TRY IT: Repeat the records below exactly as they appear, leaving out any pictures.

Captioned web image data:
• • • • •
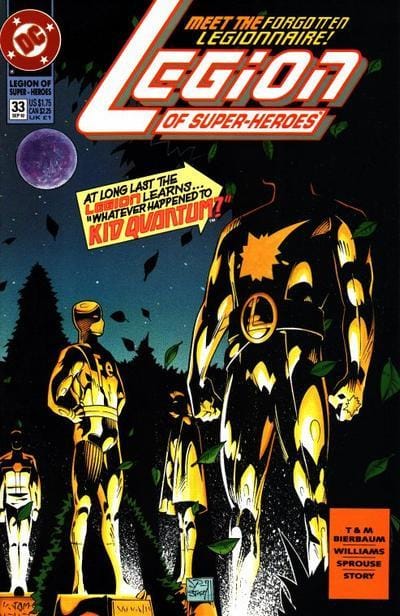 DC Comics COMIC BOOK Legion of Super-Heroes #33 - CVR A (FN)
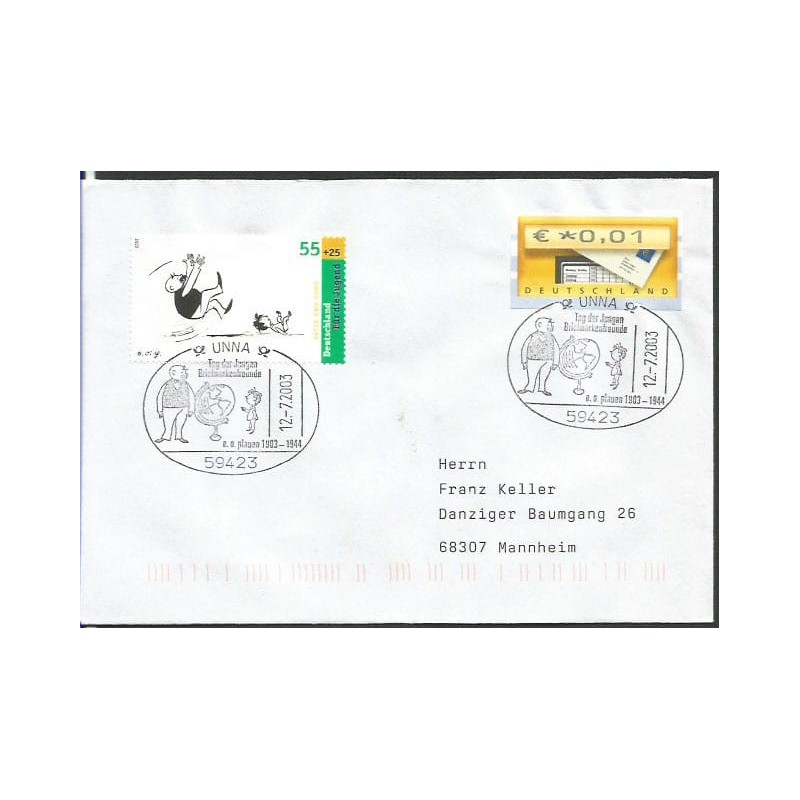 Niemcy 2003, Globus, geografia. Unna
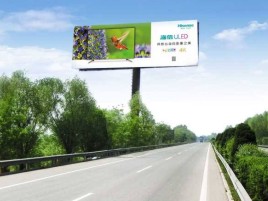 九江高速擎天柱广告牌的特点和优势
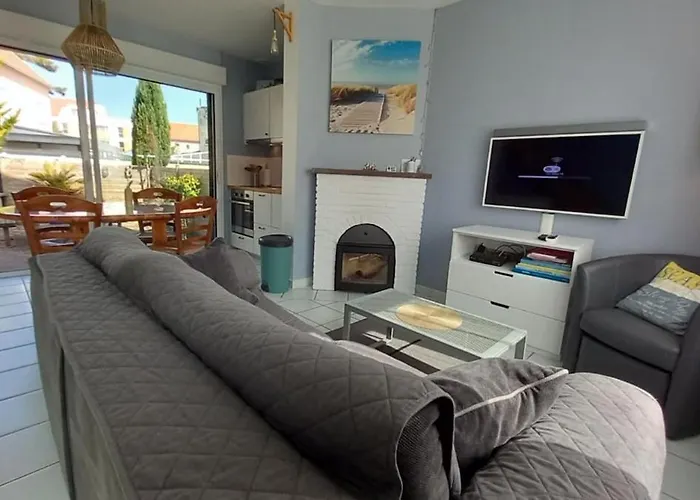 Les 4 As, Maison Au Coeur De Proche Holiday home Quend-Plage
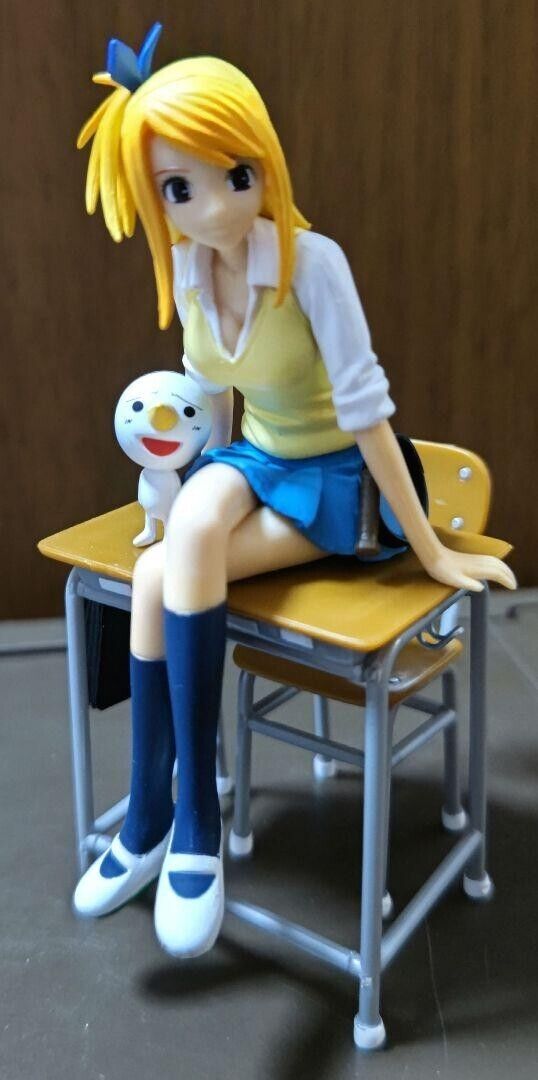 Fairy Tail Lucy Sunday Magazine 50th Collaboration Figure Sega Prize From Japan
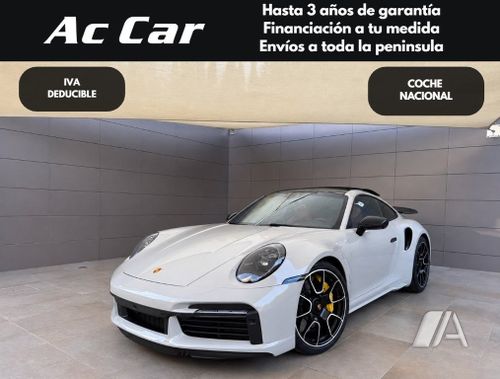 Porsche 911 Coupé Turbo S 3.7 2021, foto 1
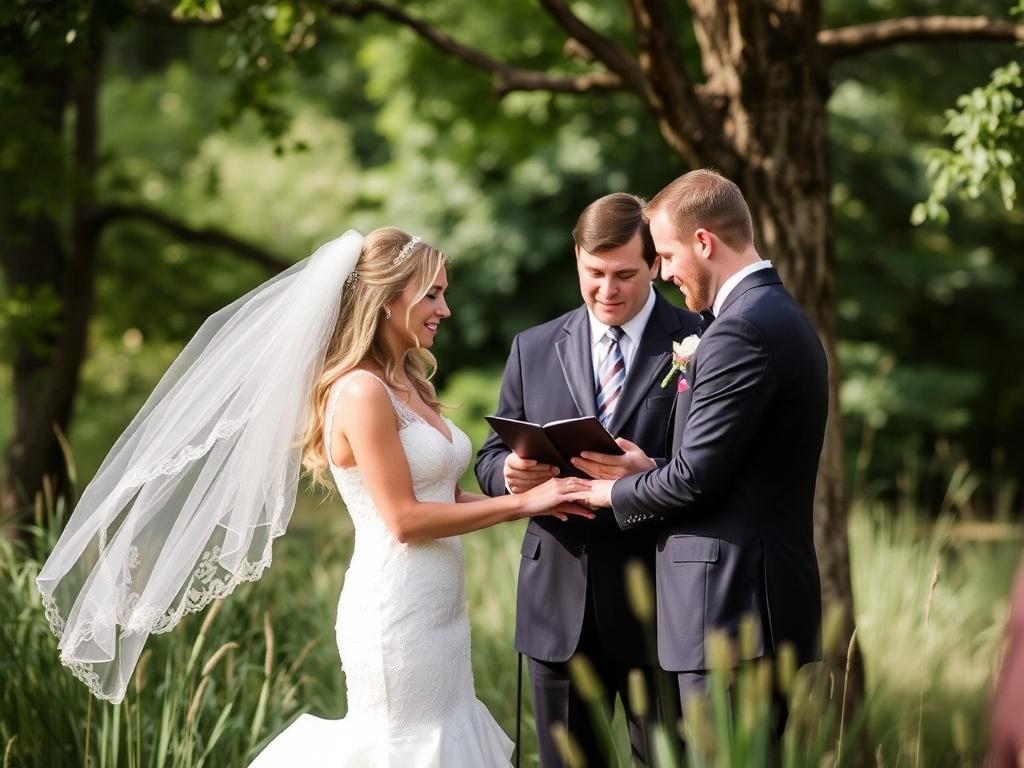 Выездные регистрации брака на природе. Сценарий церемонии: от классики к персональным ритуалам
• • • • •
RESPONSE TO THIS EXERCISE:
 DC Comics COMIC BOOK Legion of Super-Heroes #33 - CVR A (FN)
 Niemcy 2003, Globus, geografia. Unna
 九江高速擎天柱广告牌的特点和优势
 Les 4 As, Maison Au Coeur De Proche Holiday home Quend-Plage
 Fairy Tail Lucy Sunday Magazine 50th Collaboration Figure Sega Prize From Japan
 Porsche 911 Coupé Turbo S 3.7 2021, foto 1
 Выездные регистрации брака на природе. Сценарий церемонии: от классики к персональным ритуалам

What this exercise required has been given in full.